Your goal:
Locate the line bearing "Used 2019 Toyota" in the material below, then reproduce it and each following line up to and including the line bearing "Kitchen - 7501".

■ ■ ■ ■ ■

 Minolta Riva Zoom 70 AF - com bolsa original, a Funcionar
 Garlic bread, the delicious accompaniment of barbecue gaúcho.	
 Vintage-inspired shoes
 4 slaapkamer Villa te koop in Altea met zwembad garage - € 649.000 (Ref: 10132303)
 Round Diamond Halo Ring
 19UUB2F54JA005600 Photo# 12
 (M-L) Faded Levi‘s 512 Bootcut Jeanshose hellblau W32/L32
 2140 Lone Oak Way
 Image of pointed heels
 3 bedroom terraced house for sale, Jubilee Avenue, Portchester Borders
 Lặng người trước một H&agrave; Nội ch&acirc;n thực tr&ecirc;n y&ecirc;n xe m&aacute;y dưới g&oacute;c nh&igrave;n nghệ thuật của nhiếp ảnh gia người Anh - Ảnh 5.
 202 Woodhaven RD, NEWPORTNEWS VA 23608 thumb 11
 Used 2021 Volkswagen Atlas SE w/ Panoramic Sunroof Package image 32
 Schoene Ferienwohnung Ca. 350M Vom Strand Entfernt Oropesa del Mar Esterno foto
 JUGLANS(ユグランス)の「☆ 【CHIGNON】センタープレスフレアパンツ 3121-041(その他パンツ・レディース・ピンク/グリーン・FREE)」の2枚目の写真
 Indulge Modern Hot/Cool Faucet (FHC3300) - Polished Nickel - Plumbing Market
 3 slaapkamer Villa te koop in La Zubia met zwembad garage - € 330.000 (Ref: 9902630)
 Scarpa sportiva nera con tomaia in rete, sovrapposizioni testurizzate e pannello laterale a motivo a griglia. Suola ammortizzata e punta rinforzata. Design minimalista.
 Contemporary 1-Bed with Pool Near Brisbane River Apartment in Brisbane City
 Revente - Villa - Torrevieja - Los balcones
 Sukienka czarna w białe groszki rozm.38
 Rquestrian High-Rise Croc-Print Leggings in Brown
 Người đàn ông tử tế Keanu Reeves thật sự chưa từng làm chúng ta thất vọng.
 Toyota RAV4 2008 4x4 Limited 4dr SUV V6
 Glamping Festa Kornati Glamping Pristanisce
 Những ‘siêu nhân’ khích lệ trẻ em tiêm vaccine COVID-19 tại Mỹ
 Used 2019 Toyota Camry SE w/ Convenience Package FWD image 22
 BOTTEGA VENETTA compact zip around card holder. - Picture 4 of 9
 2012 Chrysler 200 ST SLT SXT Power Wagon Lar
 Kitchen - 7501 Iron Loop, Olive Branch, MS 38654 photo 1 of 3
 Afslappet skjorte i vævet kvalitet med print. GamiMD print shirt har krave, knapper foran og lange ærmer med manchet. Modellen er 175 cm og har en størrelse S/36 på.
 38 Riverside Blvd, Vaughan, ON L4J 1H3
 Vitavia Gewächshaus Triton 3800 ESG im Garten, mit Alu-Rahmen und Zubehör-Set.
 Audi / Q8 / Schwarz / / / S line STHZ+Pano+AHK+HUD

■ ■ ■ ■ ■

Output of the exercise:
 Used 2019 Toyota Camry SE w/ Convenience Package FWD image 22
 BOTTEGA VENETTA compact zip around card holder. - Picture 4 of 9
 2012 Chrysler 200 ST SLT SXT Power Wagon Lar
 Kitchen - 7501 Iron Loop, Olive Branch, MS 38654 photo 1 of 3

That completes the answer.